Formation - 9 juillet 2019

fr - Un appel à la cohérence

L’Esprit d’Assise


Quand Jean-Paul II a lancé l’idée d’une rencontre inter-religieuse en 1986, c’est assez naturellement à Assise que l’entreprise pris chair. Peut-être aussi parce que, dans les tous premiers mois de son ministère, il s’était lui- même rendu dans ce lieu pour nommer saint François nouveau « patron céleste des écologistes ». Une intuition étonnante et prophétique. Ainsi, plusieurs décennies plus tard, au fil des sommets internationaux abordant les enjeux du dérèglement climatique ou les objectifs de développement des pays les plus pauvres, la mobilisation des croyants de toutes confessions n’a cessé de croître.

Alors que la société civile et les mouvements internationaux, dont les mouvements altermondialistes, se mobilisent pour contester les effets pervers de la mondialisation économique, les traditions religieuses se retrouvent non pour mieux se connaître d’abord mais pour partager un souci commun et universel.
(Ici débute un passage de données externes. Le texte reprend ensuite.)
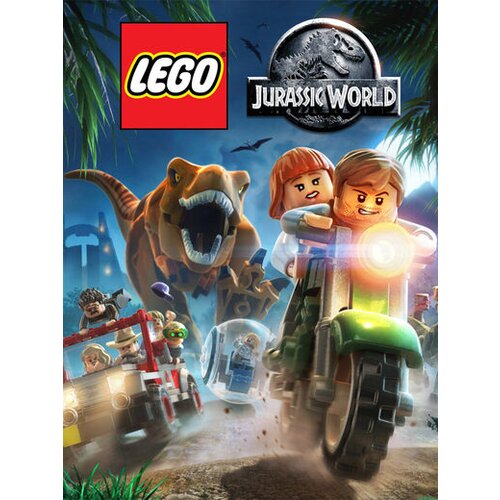  lego: jurassic world (switch) eshop nintendo key europe Cene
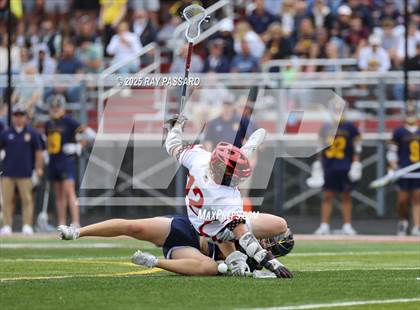 Thumbnail 2 in Northport vs Half Hollow Hills (Section XI Class A Championship) photogallery.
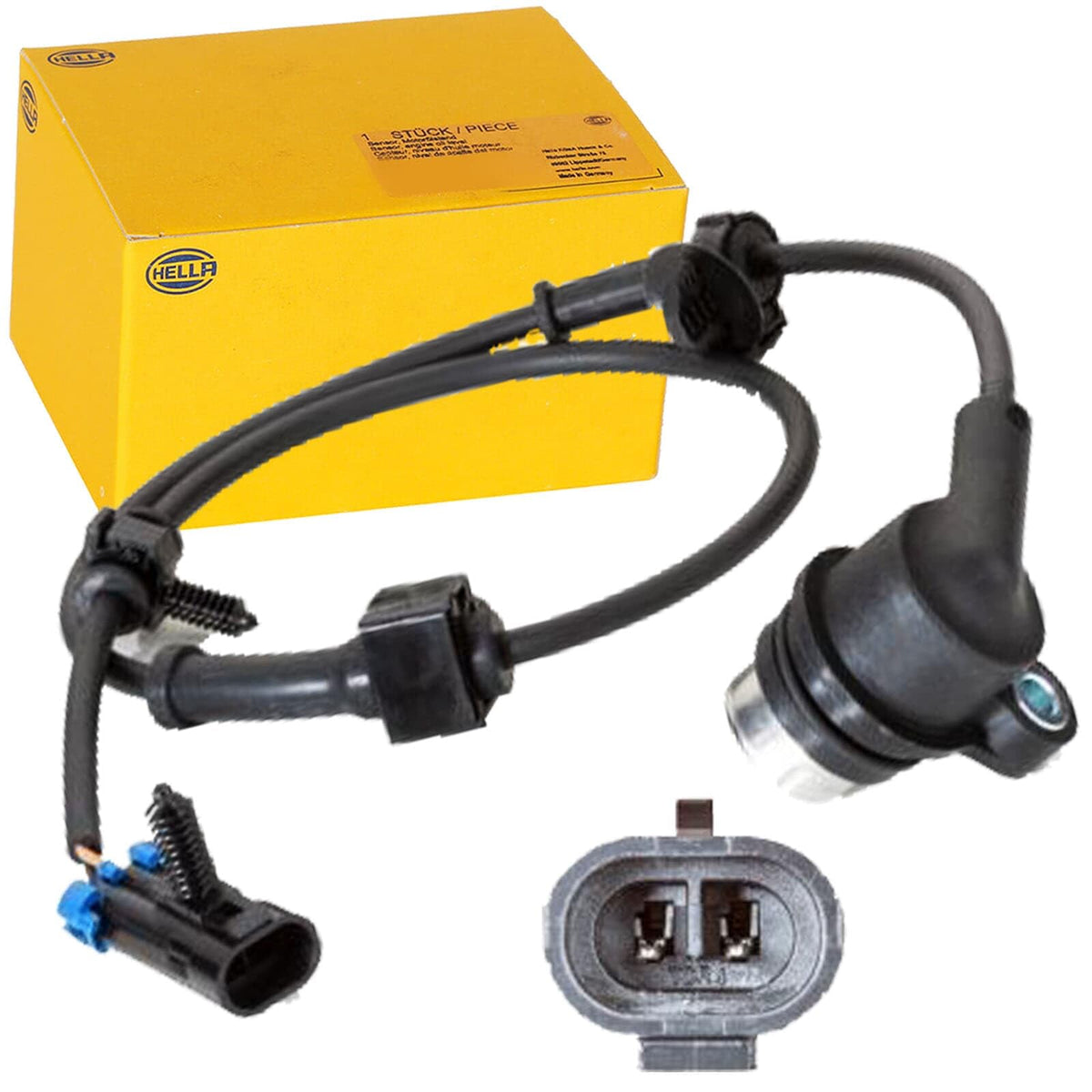 Hella 230040311 6PU 230 040-311 Sensor, wheel speed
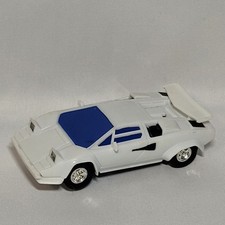 Vintage ARTIN Lamborghini Countach 5000 Slot Car 1:43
Leur prière n’est pas désincarnée : elle reprend à son compte les cris des populations autochtones ou pauvres qui, à travers le monde, sont souvent les premières à subir les contraintes de l’exploitation massive des ressources naturelles en tout genre. Elle dénonce aussi la violence qui est entretenue quand les conflits armés dans le monde sont aussi des prétextes pour accéder aux énergies fossiles ou aux ressources minières.

Dans ces mobilisations citoyennes, il n’est pas rare de voir désormais moines bouddhistes et prêtres catholiques résister à des projets pharaoniques et destructeurs de l’environnement (cf. Jegu en Corée du Sud). Il n’est pas rare de voir des religieuses américaines et des autochtones indiens du Canada résister ensemble contre l’exploitation des sables bitumineux nord-américains (cf. Pipeline Keystone).

Mais, plus largement encore que les luttes sociales locales – pourtant nombreuses et cruciales −, la mobilisation vient aussi d’une prise de conscience plus large : celle d’un décrochage moderne dans nos vies entre le confort enviable d’une existence matériellement épanouie et la perte profonde de notre rapport à la terre, aux saisons, aux êtres vivants, aux biens communs de la planète. Quand les fondamentaux de la vie tels que l’eau, l’air, les sols, la nourriture sont menacés par la pollution de nos usines ou la corruption des décideurs, il ne faut pas s’étonner que des résistances émergent, que des évolutions s’opèrent en profondeur.


Le réveil de la société civile en Chine pour défendre un environnement plus sain face aux grandes pollutions industrielles en est un bel exemple. Un pays où le culte matérialiste ambiant fait naître aussi une nouvelle soif spirituelle dans les générations montantes. Les récits de certains « convertis » au christianisme ou au bouddhisme montrent ainsi que leur chemin est aussi celui d’un retour à une cohérence intérieure plus grande et donc à une présence plus assumée au beau mystère de ce monde naturel qui nous accueille.

Un appel à la cohérence


Les représentants de nombreuses traditions spirituelles (en tout cas, les plus ouverts d’entre eux) ont compris que l’enracinement individuel et collectif dans la grâce de ce monde, dans la contemplation de ses grands équilibres et dans la sagesse d’une vie mesurée et respectueuse, est en train de devenir un préalable à tout discours ultérieur sur le sens de cette vie et du chemin que nous avons à y parcourir.

La terre défigurée et blessée que nous côtoyons – en travail d’enfantement, expliquait saint Paul (Rom 8) − rappelle à chacun que si nous voulons prendre soin de nos vies intérieures, nous ne pouvons plus le faire à travers des postures dualistes simplistes. C’est bien la chair de ce monde qui est appelée à accueillir la lumière de la Résurrection du Christ. De quoi avoir envie de la préserver, de la garder et de la soigner, comme une épouse parée pour son époux.